Rehabilitation of $25.5m Kpong Irrigation Project starts

The Kpong Left Bank Irrigation Project at Torgome in the North Tongu District is being modernized at a cost of $25,503,296.00.

This would help to increase the irrigable land by about 1,500 hectares to benefit a combined population of 6,000 farmers from 17 communities.

The ceremony to mark the official start of work on modernization of the project was performed by President Nana Addo Dankwa Akufo-Addo.

The job is being done by M/S OM Metals and would expand the gravity-fed area from 450 hectares to 2,000 hectares and feed an additional 1,000 hectares outside that.

The President said the government was eager to turn the area into an agro processing hub.

Nine crop varieties including maize, rice, soya, peas, pepper, cabbage and watermelon had been selected for large scale cultivation.

He noted that a little over 10 percent of the 1.9 million hectares of potential irrigable land was being utilised, and said there could be no doubt that effective water and land management would transform the nation’s agriculture.

President Akufo-Addo said an irrigation scheme management body was going to be constituted under the Ghana Irrigation Development Authority to work with Water User Associations to manage the land and maintain the scheme.

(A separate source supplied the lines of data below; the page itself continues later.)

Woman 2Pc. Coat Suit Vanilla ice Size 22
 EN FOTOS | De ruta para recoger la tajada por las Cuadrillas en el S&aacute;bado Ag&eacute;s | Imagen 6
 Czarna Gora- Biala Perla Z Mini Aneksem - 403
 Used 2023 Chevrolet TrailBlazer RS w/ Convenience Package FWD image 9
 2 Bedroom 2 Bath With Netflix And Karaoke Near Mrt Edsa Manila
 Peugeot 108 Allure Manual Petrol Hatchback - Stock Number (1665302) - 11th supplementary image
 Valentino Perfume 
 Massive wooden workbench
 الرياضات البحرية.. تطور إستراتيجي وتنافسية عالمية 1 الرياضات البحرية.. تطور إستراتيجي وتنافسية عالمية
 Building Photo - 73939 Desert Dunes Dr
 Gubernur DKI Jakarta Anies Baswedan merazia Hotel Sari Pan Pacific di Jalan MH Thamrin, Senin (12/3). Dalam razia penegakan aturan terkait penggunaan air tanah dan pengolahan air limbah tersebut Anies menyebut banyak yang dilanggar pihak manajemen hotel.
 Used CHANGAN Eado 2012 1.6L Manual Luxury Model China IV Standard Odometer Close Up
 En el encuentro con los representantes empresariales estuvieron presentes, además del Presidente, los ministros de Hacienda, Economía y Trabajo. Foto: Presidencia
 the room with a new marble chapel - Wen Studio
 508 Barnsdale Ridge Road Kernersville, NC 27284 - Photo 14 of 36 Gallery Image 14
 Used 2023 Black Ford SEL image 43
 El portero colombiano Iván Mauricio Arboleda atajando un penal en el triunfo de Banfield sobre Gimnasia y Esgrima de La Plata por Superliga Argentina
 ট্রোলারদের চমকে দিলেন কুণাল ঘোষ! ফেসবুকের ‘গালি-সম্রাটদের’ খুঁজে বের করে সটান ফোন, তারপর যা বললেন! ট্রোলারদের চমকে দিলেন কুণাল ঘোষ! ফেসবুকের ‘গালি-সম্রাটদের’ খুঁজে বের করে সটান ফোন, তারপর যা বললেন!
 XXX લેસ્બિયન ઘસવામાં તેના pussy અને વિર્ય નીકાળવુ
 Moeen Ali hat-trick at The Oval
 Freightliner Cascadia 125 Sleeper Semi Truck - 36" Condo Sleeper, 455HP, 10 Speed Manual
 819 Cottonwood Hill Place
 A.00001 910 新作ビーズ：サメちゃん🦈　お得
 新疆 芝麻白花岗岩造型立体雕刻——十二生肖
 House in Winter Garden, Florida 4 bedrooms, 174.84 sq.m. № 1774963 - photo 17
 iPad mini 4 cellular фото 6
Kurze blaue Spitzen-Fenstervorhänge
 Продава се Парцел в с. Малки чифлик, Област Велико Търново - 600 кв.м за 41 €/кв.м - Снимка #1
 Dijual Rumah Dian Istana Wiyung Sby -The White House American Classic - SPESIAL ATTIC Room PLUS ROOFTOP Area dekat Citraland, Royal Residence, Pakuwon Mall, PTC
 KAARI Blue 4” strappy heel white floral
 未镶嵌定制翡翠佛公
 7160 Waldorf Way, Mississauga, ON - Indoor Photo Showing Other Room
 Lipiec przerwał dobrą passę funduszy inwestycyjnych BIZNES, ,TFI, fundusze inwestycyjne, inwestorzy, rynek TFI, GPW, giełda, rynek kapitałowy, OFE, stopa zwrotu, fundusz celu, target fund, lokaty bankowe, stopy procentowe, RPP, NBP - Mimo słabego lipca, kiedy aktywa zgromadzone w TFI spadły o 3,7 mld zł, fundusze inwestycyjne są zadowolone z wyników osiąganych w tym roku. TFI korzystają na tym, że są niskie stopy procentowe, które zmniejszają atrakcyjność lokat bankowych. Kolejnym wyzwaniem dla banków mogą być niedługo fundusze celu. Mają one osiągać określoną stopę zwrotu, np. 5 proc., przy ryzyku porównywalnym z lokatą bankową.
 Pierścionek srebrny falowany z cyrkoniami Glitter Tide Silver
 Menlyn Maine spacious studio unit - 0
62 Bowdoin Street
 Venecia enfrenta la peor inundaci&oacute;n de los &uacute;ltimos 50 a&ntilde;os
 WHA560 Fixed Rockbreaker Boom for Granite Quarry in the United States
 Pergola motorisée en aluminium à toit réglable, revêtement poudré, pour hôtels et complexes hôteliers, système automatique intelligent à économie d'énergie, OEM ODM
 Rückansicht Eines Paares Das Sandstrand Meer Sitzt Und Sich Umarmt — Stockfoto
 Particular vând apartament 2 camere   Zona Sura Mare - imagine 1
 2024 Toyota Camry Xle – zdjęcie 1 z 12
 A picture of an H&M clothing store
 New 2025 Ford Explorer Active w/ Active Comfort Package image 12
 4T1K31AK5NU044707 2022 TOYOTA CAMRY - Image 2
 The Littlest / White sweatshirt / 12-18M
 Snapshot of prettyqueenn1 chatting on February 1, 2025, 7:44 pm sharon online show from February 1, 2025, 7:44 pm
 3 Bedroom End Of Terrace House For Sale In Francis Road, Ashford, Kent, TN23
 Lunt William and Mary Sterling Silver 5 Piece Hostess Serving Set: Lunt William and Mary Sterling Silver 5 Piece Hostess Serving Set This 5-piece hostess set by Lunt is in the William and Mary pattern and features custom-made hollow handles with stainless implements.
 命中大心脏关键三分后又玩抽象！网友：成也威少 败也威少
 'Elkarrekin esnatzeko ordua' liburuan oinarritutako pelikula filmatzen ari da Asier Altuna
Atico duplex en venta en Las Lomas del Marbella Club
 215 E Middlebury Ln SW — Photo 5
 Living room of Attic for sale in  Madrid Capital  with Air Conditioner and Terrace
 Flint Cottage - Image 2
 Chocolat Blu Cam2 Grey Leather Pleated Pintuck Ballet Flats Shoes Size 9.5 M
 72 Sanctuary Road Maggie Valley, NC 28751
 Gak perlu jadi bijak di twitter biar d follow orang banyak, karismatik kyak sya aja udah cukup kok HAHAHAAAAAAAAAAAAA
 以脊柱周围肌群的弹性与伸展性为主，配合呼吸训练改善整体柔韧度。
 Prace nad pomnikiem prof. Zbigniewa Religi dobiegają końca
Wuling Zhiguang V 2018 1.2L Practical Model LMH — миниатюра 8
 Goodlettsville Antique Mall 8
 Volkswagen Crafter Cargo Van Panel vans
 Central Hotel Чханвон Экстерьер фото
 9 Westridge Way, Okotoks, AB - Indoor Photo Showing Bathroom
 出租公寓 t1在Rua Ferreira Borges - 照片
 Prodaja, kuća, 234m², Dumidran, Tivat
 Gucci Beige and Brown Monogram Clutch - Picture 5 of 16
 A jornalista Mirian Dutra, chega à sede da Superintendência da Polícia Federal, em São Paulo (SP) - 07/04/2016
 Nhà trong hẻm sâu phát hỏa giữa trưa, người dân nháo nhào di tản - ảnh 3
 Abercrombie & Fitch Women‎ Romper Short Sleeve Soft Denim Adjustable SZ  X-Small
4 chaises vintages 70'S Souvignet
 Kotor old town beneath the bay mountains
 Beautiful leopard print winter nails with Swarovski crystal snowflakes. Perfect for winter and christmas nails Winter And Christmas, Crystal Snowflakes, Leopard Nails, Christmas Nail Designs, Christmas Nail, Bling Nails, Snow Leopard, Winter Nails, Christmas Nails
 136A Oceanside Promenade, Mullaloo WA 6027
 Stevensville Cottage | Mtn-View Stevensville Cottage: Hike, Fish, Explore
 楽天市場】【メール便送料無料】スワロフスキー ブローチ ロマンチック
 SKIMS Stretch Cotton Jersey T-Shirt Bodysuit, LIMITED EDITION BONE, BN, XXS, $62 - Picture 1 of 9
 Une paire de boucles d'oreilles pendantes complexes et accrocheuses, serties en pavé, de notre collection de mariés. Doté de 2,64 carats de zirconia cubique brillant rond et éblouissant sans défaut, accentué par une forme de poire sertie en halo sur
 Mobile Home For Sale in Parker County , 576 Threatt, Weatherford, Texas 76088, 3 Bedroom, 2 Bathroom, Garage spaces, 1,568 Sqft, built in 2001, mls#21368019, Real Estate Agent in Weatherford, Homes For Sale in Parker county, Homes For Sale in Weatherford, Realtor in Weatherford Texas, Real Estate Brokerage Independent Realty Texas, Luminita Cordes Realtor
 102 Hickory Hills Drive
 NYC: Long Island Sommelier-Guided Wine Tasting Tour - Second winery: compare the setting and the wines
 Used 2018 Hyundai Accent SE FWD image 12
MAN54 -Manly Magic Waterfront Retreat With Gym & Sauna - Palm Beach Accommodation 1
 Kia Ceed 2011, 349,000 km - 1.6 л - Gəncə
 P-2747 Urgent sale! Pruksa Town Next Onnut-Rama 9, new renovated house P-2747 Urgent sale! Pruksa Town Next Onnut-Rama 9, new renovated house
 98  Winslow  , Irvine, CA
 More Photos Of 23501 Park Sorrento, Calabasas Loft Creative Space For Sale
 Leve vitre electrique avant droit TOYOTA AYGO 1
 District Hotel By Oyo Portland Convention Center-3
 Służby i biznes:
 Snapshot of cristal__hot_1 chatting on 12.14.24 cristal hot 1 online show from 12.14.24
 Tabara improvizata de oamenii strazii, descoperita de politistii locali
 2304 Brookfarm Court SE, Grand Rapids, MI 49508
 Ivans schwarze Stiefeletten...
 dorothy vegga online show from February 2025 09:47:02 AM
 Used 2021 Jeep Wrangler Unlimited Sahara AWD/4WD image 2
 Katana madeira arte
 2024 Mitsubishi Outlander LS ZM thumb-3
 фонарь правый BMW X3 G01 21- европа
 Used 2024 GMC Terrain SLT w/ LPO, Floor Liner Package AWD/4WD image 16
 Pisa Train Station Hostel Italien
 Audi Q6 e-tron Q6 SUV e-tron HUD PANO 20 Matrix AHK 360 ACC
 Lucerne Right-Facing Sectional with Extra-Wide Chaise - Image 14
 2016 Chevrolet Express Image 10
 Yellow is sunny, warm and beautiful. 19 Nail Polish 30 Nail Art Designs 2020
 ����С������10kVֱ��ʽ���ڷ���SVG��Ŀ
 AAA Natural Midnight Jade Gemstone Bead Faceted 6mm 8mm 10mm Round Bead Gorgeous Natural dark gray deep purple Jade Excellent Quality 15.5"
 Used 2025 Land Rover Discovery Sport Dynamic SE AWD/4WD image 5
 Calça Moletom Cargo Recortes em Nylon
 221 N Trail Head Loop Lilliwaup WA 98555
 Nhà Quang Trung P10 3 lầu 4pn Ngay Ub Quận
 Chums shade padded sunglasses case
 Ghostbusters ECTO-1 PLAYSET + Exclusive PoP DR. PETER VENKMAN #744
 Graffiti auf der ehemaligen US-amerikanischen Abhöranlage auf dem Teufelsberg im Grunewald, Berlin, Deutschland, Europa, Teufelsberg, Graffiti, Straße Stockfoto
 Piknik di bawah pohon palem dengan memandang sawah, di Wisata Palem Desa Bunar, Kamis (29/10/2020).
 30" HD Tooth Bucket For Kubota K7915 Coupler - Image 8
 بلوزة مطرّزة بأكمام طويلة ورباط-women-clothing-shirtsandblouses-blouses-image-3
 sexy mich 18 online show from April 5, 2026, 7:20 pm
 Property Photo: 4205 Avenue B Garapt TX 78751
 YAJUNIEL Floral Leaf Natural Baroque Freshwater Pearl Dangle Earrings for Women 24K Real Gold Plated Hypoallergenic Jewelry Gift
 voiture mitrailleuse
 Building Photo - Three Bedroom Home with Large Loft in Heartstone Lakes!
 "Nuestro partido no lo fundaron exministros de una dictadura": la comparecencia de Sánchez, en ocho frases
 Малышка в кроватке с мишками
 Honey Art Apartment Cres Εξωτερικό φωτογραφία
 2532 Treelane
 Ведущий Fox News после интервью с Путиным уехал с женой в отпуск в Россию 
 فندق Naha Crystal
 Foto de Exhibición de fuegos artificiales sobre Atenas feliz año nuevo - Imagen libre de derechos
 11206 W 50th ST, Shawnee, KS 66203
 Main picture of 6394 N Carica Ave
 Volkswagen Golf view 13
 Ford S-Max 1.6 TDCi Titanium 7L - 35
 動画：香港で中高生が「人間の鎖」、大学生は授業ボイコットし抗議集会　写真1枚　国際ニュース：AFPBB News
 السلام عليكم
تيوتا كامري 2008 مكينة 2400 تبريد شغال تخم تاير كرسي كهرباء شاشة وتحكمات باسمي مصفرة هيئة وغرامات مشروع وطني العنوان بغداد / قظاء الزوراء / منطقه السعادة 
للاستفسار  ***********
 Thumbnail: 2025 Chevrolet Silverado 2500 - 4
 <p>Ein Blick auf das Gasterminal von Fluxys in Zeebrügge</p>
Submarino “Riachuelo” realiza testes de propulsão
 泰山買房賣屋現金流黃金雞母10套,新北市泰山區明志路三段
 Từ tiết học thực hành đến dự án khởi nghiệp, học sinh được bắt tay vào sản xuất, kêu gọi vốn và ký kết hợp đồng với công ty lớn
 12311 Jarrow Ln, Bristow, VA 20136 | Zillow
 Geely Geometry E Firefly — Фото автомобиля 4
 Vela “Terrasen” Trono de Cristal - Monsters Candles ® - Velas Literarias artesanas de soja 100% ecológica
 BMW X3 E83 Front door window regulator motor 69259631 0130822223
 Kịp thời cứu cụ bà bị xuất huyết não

The project formed part of a 2012 World Bank support package which provided $100 million to the Ghana Commercial Agriculture Project (GCAP) to aid smallholder farmers secure reliable water access, land, finance, farm inputs and markets.

A $50 million facility was approved by the Bank in May 2018 for the rehabilitation and modernisation of three major irrigation schemes -the Kpong Left Bank, Kpong Irrigation, and the Tono Irrigation schemes.

Dr Beatrix Allah-Mensah, Acting Country Manager, World Bank, said the project had suffered “implementation challenges” in the past and expressed optimism that things were going to be different now to ensure its success.

The target was to achieve a total of about 8,000 hectares of irrigable area for the three schemes and said all would be modernised for efficient utilisation of water.

She added that the irrigation project would help to cut down the country’s estimated $2 billion food import bill through increased production of staple crops.

Dr Owusu Afriyie Akoto, Minister for Food and Agriculture, said the Ghana Commercial Agriculture Project would be expanded to 150,000 hectares in the Northern savanna zone.

Togbe Asamoah Nkwanta, Paramount Chief of Togorme, said the project presented a “big opportunity” for the people in the area to venture into large scale farming.

It had already attracted scores of multinational commercial farmers and companies, as well as over 15 farmer-based organisations, creating jobs for hundreds of the local population.

Togbe Nkwanta also spoke of the added highpoint of connecting communities in the area to the national electricity grid, roads and potable water.